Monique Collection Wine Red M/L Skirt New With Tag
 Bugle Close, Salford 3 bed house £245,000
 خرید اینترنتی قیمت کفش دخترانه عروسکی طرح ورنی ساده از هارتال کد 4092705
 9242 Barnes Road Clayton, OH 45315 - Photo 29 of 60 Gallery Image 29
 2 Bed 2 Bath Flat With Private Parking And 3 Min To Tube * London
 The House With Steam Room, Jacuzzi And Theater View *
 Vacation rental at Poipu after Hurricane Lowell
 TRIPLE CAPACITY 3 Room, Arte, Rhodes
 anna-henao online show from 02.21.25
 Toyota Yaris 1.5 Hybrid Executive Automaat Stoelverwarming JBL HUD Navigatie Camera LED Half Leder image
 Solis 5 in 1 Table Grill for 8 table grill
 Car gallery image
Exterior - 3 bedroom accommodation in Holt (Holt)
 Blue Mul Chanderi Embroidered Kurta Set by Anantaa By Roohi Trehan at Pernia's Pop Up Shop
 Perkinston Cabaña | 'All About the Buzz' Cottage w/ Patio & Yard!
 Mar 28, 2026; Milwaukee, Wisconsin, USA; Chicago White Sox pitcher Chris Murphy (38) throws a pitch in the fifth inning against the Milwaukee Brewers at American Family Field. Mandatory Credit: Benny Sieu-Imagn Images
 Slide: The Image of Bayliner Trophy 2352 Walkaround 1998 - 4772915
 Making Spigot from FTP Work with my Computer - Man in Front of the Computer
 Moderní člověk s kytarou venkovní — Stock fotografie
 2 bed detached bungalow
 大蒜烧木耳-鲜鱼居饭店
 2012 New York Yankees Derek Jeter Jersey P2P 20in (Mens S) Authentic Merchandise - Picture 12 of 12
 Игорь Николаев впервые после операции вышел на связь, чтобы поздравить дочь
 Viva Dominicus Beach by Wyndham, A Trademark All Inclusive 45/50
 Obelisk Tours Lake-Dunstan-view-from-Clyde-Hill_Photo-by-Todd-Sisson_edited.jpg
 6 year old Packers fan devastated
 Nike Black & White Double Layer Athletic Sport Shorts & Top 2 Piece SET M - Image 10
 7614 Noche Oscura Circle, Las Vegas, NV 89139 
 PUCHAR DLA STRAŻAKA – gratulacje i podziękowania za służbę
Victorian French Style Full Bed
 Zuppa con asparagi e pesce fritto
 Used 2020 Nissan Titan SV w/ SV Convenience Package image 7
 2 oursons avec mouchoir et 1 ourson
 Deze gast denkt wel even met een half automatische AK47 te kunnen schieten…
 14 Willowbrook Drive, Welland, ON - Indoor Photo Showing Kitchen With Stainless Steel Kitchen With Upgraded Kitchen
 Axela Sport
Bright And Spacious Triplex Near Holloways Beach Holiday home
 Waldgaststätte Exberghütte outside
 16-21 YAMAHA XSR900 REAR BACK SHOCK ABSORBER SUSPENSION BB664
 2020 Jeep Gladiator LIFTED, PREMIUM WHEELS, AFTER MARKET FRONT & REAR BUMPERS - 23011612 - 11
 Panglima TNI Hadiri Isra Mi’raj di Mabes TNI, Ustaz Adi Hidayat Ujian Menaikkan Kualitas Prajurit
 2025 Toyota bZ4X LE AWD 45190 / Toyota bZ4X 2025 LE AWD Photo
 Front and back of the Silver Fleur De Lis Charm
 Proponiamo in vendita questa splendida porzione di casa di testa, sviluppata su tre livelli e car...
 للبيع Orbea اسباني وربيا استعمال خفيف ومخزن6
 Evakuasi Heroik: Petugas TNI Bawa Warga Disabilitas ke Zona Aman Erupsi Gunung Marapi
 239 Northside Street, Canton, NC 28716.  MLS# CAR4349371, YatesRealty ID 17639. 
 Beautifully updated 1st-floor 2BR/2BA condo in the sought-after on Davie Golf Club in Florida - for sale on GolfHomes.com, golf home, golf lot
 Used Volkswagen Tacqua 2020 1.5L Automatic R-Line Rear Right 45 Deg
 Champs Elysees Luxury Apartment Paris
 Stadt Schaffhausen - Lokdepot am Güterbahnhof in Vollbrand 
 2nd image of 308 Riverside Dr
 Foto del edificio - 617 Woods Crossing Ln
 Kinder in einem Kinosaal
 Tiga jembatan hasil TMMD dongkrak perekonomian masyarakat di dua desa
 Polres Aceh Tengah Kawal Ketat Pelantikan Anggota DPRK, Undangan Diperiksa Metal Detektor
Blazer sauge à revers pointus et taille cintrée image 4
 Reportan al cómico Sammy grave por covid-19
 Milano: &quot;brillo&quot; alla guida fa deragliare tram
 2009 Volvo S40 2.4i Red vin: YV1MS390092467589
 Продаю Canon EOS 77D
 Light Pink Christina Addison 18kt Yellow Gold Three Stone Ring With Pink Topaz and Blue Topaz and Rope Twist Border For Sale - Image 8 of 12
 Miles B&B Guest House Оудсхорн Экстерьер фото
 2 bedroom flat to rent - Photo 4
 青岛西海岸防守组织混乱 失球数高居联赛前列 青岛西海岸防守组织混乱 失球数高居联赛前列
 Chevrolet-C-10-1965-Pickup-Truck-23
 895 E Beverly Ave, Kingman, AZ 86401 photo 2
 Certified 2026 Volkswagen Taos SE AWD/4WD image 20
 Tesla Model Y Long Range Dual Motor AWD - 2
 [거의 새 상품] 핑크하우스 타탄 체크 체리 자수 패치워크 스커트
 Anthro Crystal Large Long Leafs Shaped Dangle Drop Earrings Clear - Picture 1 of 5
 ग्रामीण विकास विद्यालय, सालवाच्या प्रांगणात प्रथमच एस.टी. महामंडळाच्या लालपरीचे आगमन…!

══════════════════════════════

> **TASK DETAILS**:
Look through the data above and return exactly the lines from the one that contains "895 E Beverly Ave, Kingman, AZ 86401 photo 2" to the one that contains "[거의 새 상품] 핑크하우스 타탄 체크 체리 자수 패치워크 스커트", inclusive, with nothing else.

> **RESULT FOR THIS TASK**:
 895 E Beverly Ave, Kingman, AZ 86401 photo 2
 Certified 2026 Volkswagen Taos SE AWD/4WD image 20
 Tesla Model Y Long Range Dual Motor AWD - 2
 [거의 새 상품] 핑크하우스 타탄 체크 체리 자수 패치워크 스커트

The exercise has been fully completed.